魔女の真実を覗いてみた「魔女の秘密展」 (2/3ページ)

デイリーニュースオンライン

■こんな魔女なら会いたい! 魔女コスプレで上坂すみれさん登場

 上坂さんはカワイイ魔女のコスプレで登場しました。黒のフリフリドレスでほうきに座る姿がさまになっていました。

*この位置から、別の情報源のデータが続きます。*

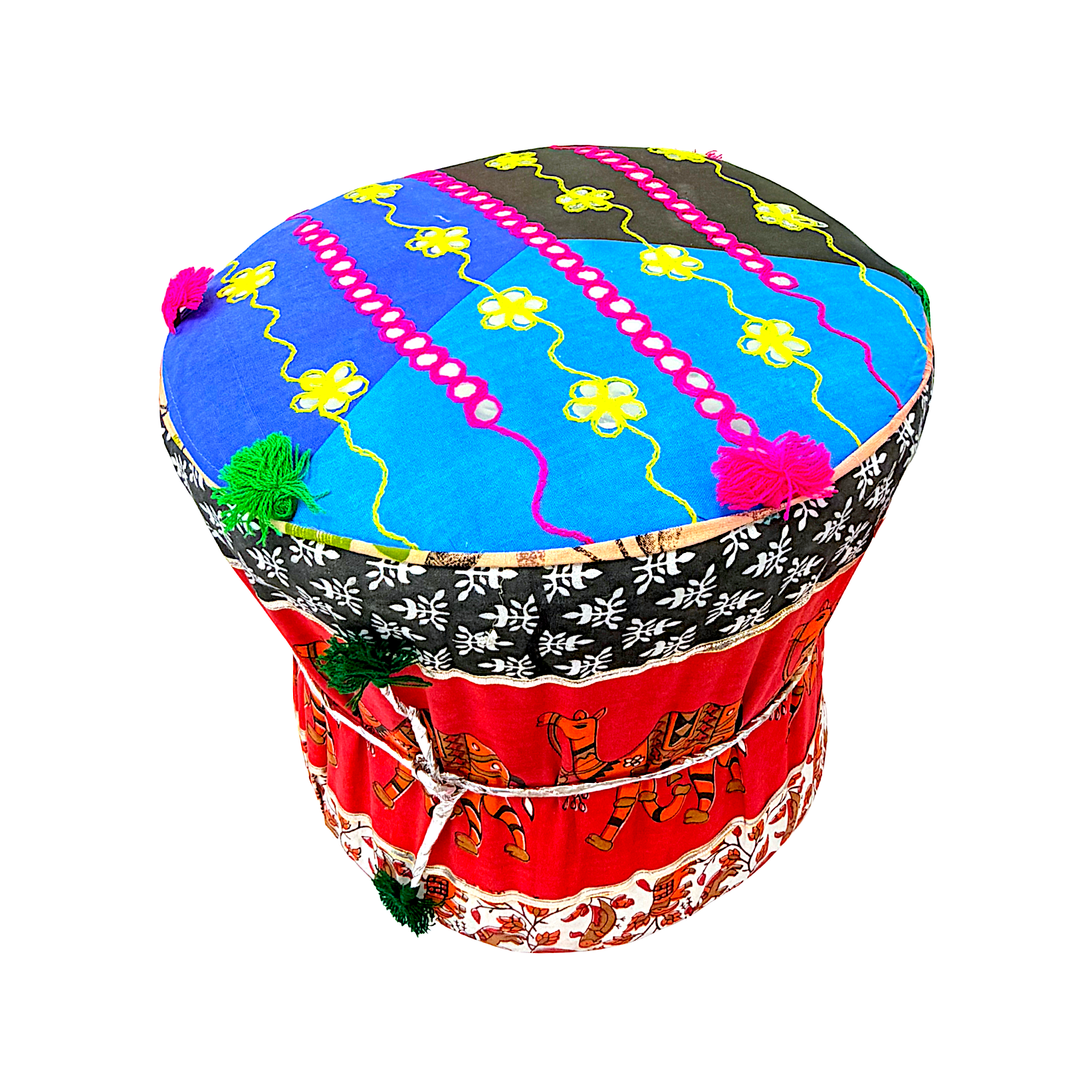 Handicraft Moodha/Poughy /Stool Rajasthani Assorted Design 14 Inch High and 16 Inch Seat Width - view 3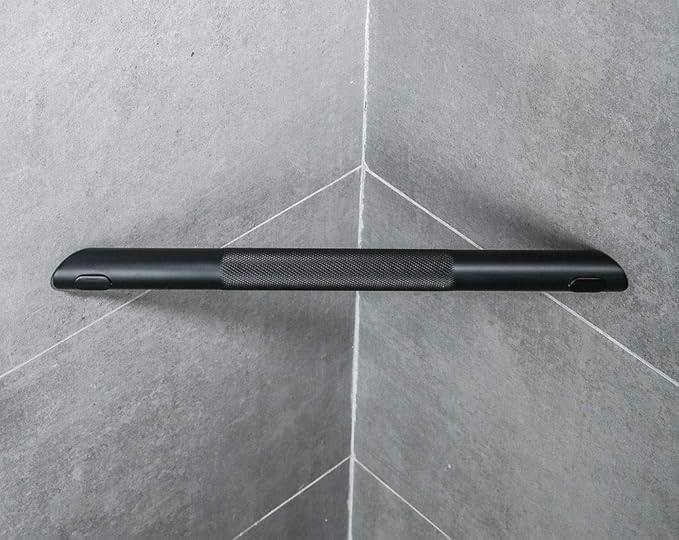 Shower Foot Rest Bar,Corner Shower Footrest for Shaving Legs,Non-Slip Knurled Brass Bar Shower Step Foot Ledge,Matte Black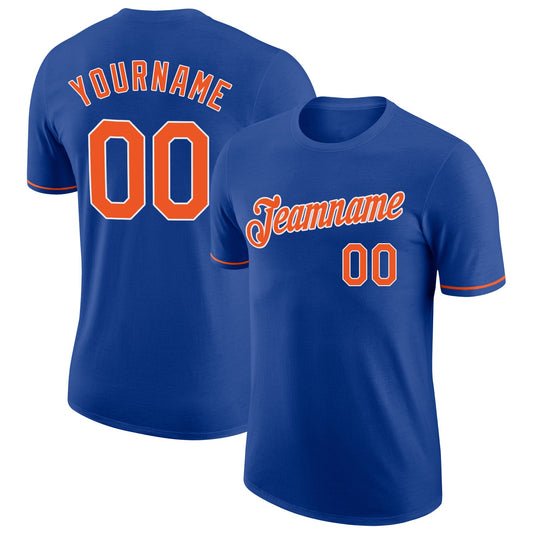Custom Royal Orange-White Performance T-Shirt - Main View
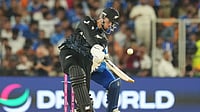 Why Mitchell Santner Turned Down Big Bash League Contract For India, Australia Series | Photo: AP/Rafiq Maqbool : New Zealand's captain Mitchel Santner plays a shot during the T20 World Cup cricket final match between India and New Zealand in Ahmedabad.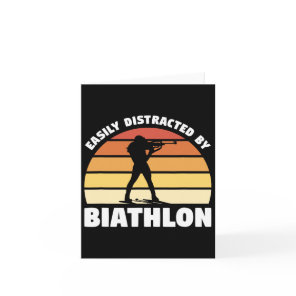 Retro Easily Distracted By Biathlon Biathlete  Card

 上坂さん「私は、ゴシックロリータが好きで昔から着ていました。黒一色っていうのが、私の中では魔女っぽいなって思いましたね。でも展示を見るとこんな華美な魔女はいないので、あくまで私の中のファンタジーですね。いろんなことが魔女のせいにされてきましたけど、双頭のヤギとか、双頭の猫が生まれるのも魔女のせいなんですね。私はそういう生き物が好きだったので、その展示にテンションが上がってしまいました(笑)。それと、入り口にあるイラストレーターの方々の描いた魔女のカワイイイラストもオススメですね」

 入り口には、安野モヨ子『夕暮れ時の魔女』、吉河美希『山田くんと7人の魔女』、石塚千尋『ふらいんぐうぃっち』 など、現在の魔女を描いた豪華イラストが飾ってあります。

安野モヨ子『夕暮れ時の魔女』

■展示はだんだんと怪しく暗い雰囲気に……

 現代のカワイイ&キレイな現代の魔女からはじまる『魔女の秘密展』ですが、徐々にダークな世界へと展示は変わっていきます。入り口には五芒星が描かれており、怪しげな空気を醸し出しています。

・第一章“信じる”
魔女の絵画や、魔女が信じられていた時代のお守りなどが展示されています。モグラの前脚のお守りは、暗い土の中で動き回ることができるモグラには特別な力があると考えられていたから。また、歯がたくさんあるので歯痛のお守りにもなっていたようです。また、当時は病気になると、切手ほどの大きさの小さなお札を飲み込んだのだとか。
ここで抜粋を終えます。